Steven D. Wiener, Dba Fantasyland Adult Books, Plaintiff-appellant, v. County of San Diego, a Political Subdivision of the State Ofcalifornia, Defendant-appellee, 23 F.3d 263 (9th Cir. 1994)Annotate this Case
G. Randall Garrou, Clyde F. DeWitt, Weston, Sarno, Garrou & DeWitt, Beverly Hills, CA, for plaintiff-appellant.
Lloyd M. Harmon, Jr., County Counsel, Diane Bardsley, Chief Deputy by Mark C. Mead, Deputy, San Diego, CA, for defendant-appellee.
Appeal from the United States District Court for the Southern District of California.
Before: BROWNING, PREGERSON, and BRUNETTI, Circuit Judges.
Opinion by Judge PREGERSON
PREGERSON, Circuit Judge:
Steven Wiener, d/b/a Fantasyland Adult Books, appeals the district court's dismissal of his 42 U.S.C. § 1983 action challenging a San Diego County zoning ordinance (Ordinance No. 8015) that regulates adult bookstores, and the district court's denial of his motion for a preliminary injunction. We have jurisdiction over the dismissal order under 28 U.S.C. § 1291, and over the denial of the preliminary injunction motion under 28 U.S.C. § 1292(a) (1). Because we conclude that Younger abstention did not apply, we reverse and remand.
Appellant Steven Wiener ("Wiener") owns and operates Fantasyland Adult Books ("Fantasyland"), which specializes in selling, renting, and exhibiting adult video tapes, and in selling adult books, magazines, and novelties.1 Fantasyland is the only adult entertainment business in unincorporated San Diego County, California. It is located approximately 400 feet from two areas which are zoned for residential use.

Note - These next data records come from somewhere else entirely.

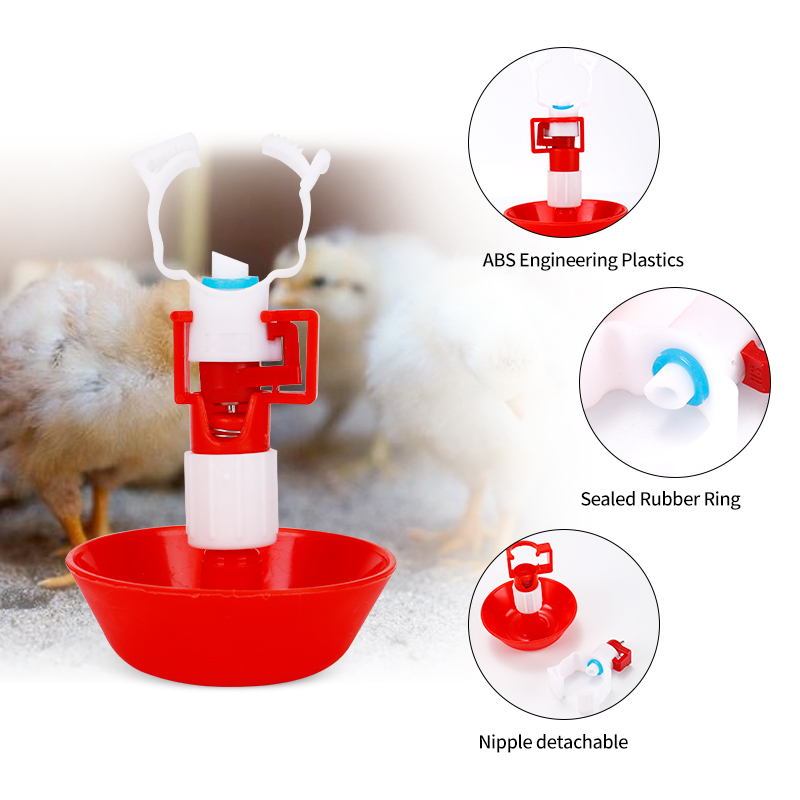 Bebedero automático de agua pa - Chicken Nipple Drinker reseña y precio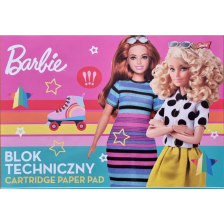 Техническо блокче St. Majewski Barbie А4,10 листа 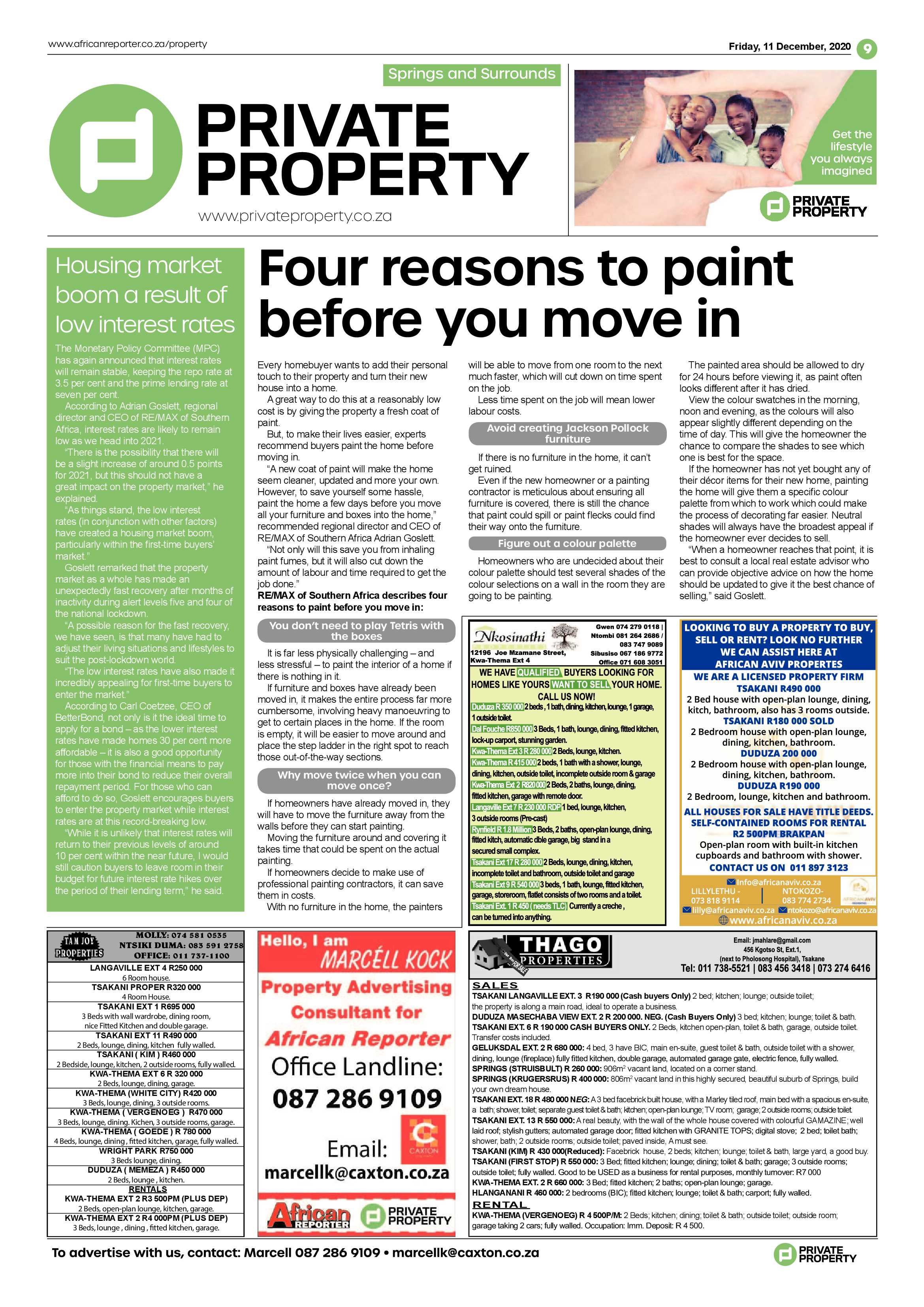 African Reporter 11 December 2020 page 9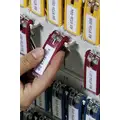 Durable Key Box: Wall Mount, 72 Key Capacity (Units), Key Hooks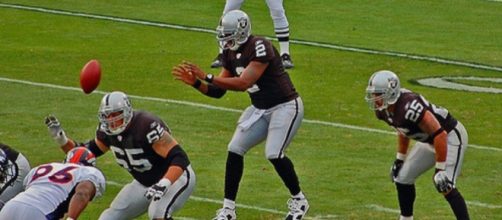 JaMarcus Russell was a colossal bust as the first overall pick of the Raiders in 2007. (Image via Eyeshotpictures/Flickr)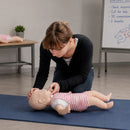 Baby Anne Infant CPR and Airway Obstruction Manikin allows the practice of CPR and mouth-to-mouth breathing as well as chest thrust for choking management
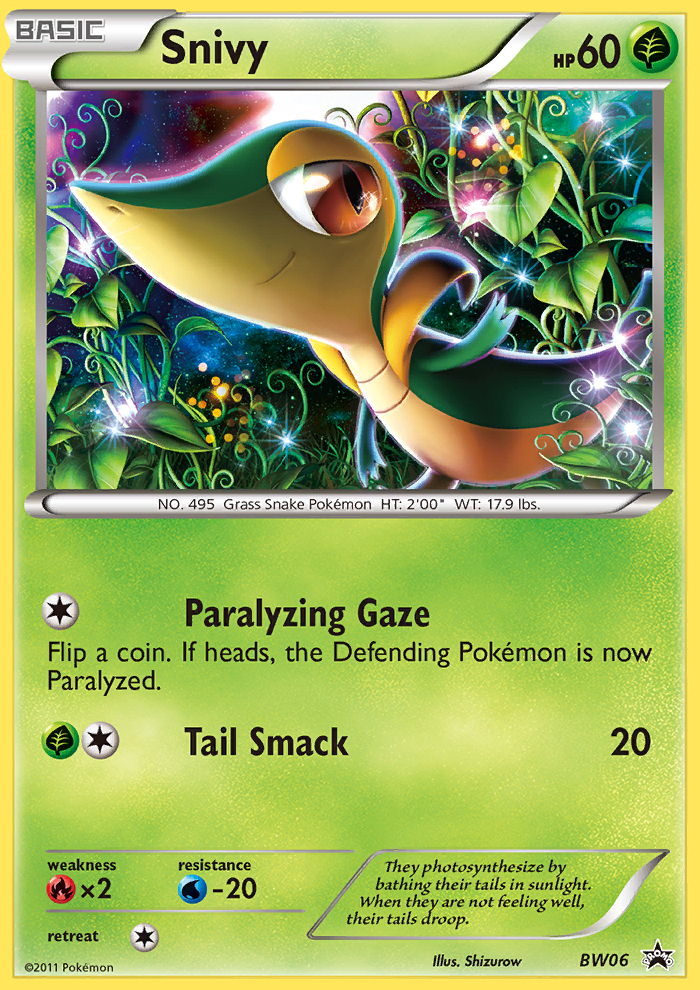 Snivy (BW06) [Black & White: Black Star Promos]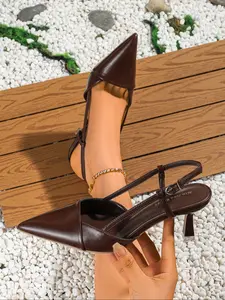 Women's Fashionable Solid Color Stiletto Heels, Elegant Pointed Toe High Heel Shoes for Party, Daily Clothing Decor for Women & Girls, Footwear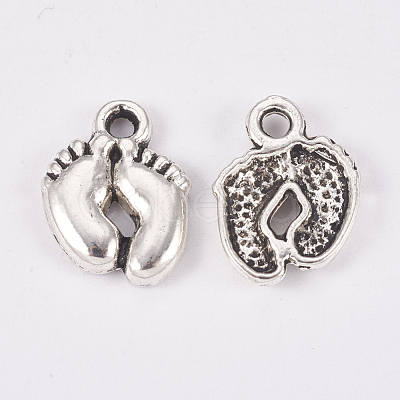 Tibetan Style Alloy Pendants TIBEP-X0185-33AS-1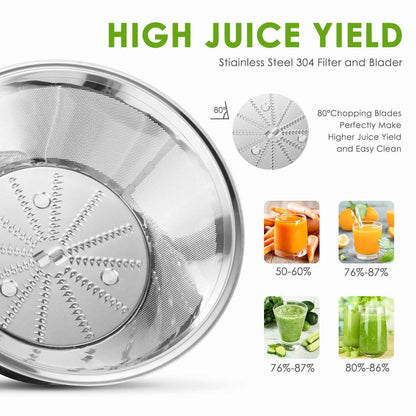 Aicok Juicer Centrifugal Juicer for Whole Fruit and Vegetable DailySale
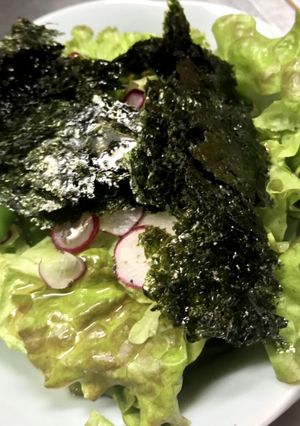 サニーレタスと海苔のサラダ-レシピのメイン写真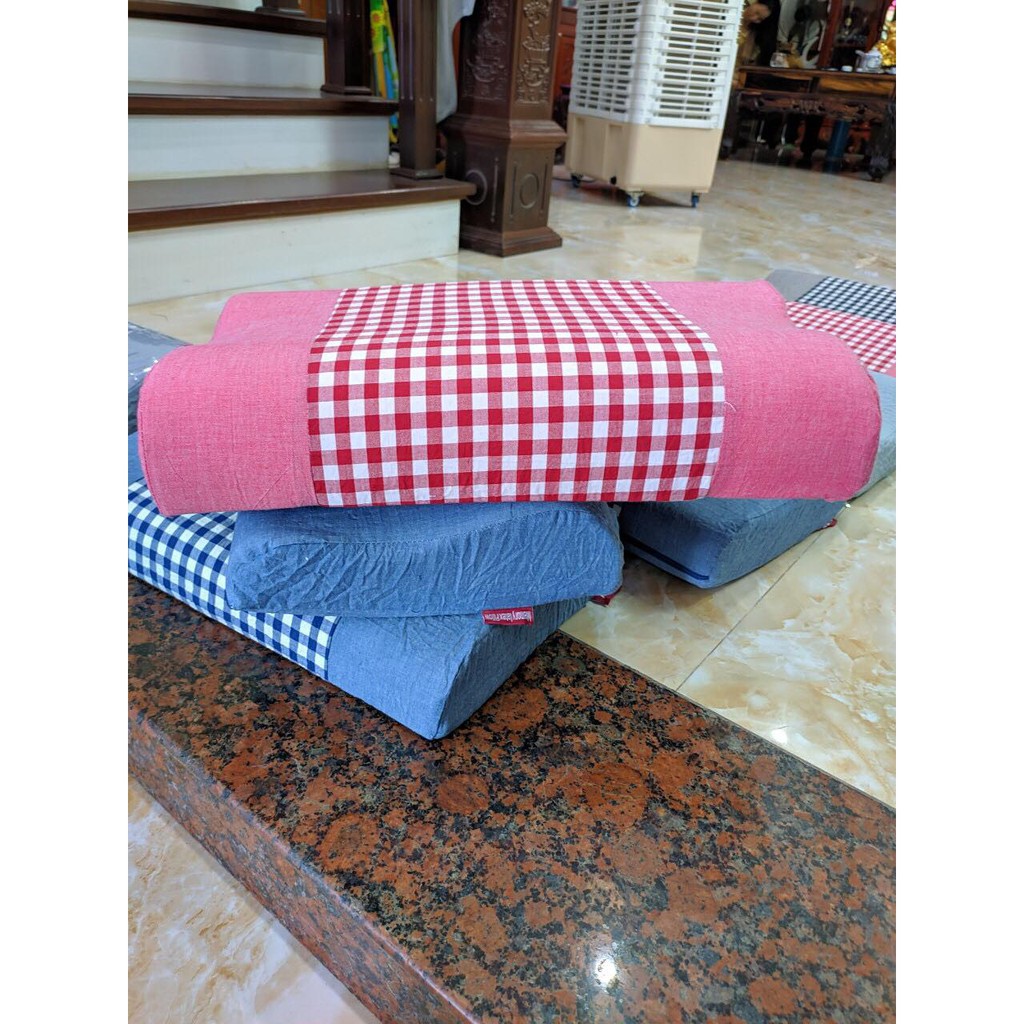 Gối cao su non người lớn  - Kích Thước 30cm x 50cm x 9cm Gối chống ngáy ngủ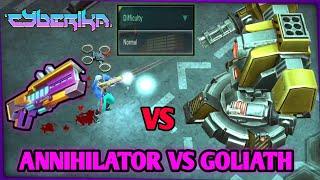 Annihiliator VS  Goliath in normal Difficulty!!  | Cyberika: Action Cyberpunk RPG Gameplay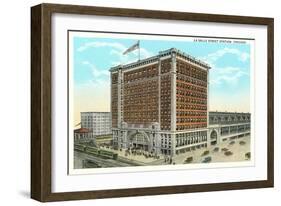 LaSalle Street Station, Chicago, Illinois-null-Framed Art Print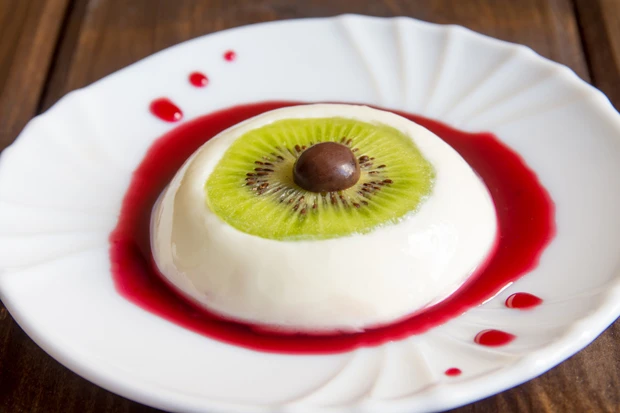 Halloween Panna Cotta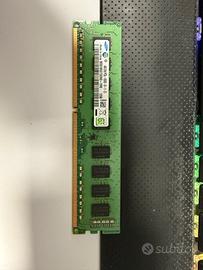 4GB RAM Server DDR3 ECC Samsung 1333MHz PC3-10600E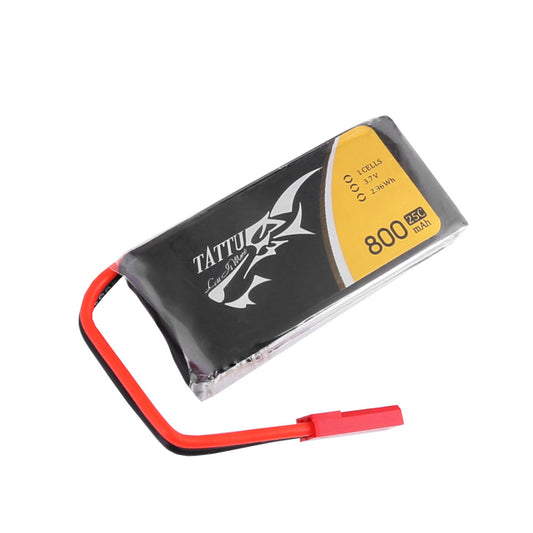 6 Pack - Batería Lipo TATTU 800 mah 1S 25C conector JST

In September 1990, Wiener was charged in the San Diego Municipal Court with violating Sec. 6930b of the San Diego County Zoning Ordinance (the "Zoning Ordinance"), which was in effect at the time. The County alleged that Zoning Ordinance Sec. 6930b, entitled "Adult Entertainment Establishments," made it unlawful for Wiener to operate an adult bookstore within 500 feet of an area zoned for residential use. (Ordinance No. 6983) (requiring an administrative permit for adult entertainment establishments and providing that permits would be issued unless a business was improperly located). Wiener demurred on the ground that Sec. 6930b was unconstitutional because it neither specified a time limit for the County to grant or deny administrative permits nor clearly stated that a violation of the locational restrictions was a prosecutable offense. The municipal court sustained the demurrer on both grounds, finding that the ordinance was a standardless prior restraint that was facially unconstitutional.
On January 9, 1991, the County Board of Supervisors (the "County Board") amended Zoning Ordinance Sec. 6930b on an interim, emergency basis to correct the constitutional defects noted by the municipal court and to buy time to adopt permanent restrictions. (See Ordinance No. 7849). The interim ordinance, Ordinance No. 7849, imposed the following locational restrictions on adult entertainment establishments: "No person shall cause or permit the establishment, substantial enlargement or transfer of ownership or control of any adult entertainment establishment within 500 feet of any area zoned so as to permit residential use by right ... nor without first obtaining an Administrative Permit therefor...." Id. The County Board subsequently extended the life of interim Ordinance No. 7849 to January 7, 1992, without changing the locational restrictions. (Ordinance No. 7862).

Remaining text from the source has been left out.